Ci sono ostacoli tecnici per cui l’amministrazione ha rinunciato al recupero del vecchio fondo?
«Da parte del Comune si è precisato che vanno fatti i cosiddetti “sottoservizi” (fogne, impianti elettrici, acqua, gas ecc.). D’accordo. Si fa uno scasso che possibilmente non vada a ledere le radici degli alberi. Con un ettaro e mezzo di piazza, mica sarà un problema. Anche se in minima parte è stata ridotta dai marciapiedi che hanno costruito attorno al teatro. In quel caso, i ciottoli hanno dovuto scalzarli per forza. Questo lo capisco. Del resto, a una parte di essi si sarebbe giustamente rinunciato per creare camminamenti adeguati al transito delle carrozzelle dei disabili.

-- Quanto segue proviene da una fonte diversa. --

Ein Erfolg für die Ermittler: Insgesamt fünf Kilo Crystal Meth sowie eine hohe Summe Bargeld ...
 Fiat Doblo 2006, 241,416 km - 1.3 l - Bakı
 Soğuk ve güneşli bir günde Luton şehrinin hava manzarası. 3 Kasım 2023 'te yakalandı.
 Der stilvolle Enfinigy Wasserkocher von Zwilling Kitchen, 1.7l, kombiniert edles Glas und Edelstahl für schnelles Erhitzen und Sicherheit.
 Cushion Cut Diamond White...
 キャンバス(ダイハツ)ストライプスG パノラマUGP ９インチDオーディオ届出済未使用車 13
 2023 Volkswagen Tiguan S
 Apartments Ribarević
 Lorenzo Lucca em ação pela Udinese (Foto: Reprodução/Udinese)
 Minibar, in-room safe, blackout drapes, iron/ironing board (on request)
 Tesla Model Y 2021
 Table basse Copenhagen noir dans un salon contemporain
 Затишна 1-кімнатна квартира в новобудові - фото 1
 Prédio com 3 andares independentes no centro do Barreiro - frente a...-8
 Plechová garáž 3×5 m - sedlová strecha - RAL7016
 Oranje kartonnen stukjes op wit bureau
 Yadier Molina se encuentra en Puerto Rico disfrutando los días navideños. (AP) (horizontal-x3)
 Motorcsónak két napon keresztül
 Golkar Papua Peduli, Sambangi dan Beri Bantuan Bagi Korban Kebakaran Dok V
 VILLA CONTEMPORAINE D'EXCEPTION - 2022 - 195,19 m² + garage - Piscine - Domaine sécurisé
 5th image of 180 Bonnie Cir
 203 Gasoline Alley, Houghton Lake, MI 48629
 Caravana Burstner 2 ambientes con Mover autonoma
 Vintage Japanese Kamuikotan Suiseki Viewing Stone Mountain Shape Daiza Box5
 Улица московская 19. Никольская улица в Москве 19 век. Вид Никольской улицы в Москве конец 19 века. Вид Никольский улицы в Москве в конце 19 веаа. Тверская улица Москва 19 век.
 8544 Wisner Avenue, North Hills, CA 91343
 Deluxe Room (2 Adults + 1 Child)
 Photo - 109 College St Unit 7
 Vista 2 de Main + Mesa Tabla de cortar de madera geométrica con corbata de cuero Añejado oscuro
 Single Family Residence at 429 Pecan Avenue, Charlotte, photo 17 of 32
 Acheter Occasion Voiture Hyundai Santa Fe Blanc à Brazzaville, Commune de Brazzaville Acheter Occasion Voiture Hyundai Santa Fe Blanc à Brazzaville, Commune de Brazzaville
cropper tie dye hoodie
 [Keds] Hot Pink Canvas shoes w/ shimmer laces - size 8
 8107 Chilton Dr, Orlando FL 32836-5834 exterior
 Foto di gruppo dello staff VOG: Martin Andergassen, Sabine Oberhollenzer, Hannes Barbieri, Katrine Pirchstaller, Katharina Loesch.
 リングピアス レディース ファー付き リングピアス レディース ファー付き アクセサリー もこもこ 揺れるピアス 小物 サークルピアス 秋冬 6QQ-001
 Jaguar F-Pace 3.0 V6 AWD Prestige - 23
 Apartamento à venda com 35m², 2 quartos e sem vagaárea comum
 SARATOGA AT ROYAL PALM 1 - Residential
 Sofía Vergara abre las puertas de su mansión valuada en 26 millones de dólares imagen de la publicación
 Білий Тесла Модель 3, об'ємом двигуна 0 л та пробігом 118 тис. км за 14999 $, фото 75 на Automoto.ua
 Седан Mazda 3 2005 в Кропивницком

Ciò che invece non condivido sono i cordoli dei marciapiedi fatti con il cemento precompresso».

Lei, che materiale avrebbe usato?
«Sicuramente la pietra. Se si vanno a vedere le rotonde che hanno fatto a San Marino, i cordoli sono in granito. Si dovrebbero seguire certi criteri, se non altro per un minimo di rispetto per i monumenti. I particolari hanno un motivo estetico e funzionale. L’estetica non voglio nemmeno discuterla. Quanto alla funzionalità, è vero che se si adoperano materiali di pregio là per là i costi sono maggiori, ma è altrettanto tangibile che il deterioramento normalmente è minore e più lontano nel tempo. Meno manutenzione/sostituzione, significa risparmio».

I ciottoli scalzati in queste ore che fine faranno? Li recuperiamo?
«Temo che la macchina che frantuma la superficie di asfalto abbia mischiato tutto, ahinoi. Penso che nulla vietasse di recuperare almeno parte dei ciottoli setacciando il materiale di risulta. Si sarebbero potuti usare in altre occasioni. Non vanno a male. Ma oramai la piazza è stata completamente ripulita, ramazzata».

Per caso, non è che camminare su quella superficie così irregolare possa far male?
«Mi sarei volentieri preso gli improperi delle signore con il tacco “12” a spillo, pur di vedere quella bella pavimentazione. Avrei consigliato: mocassini per tutte le signore!».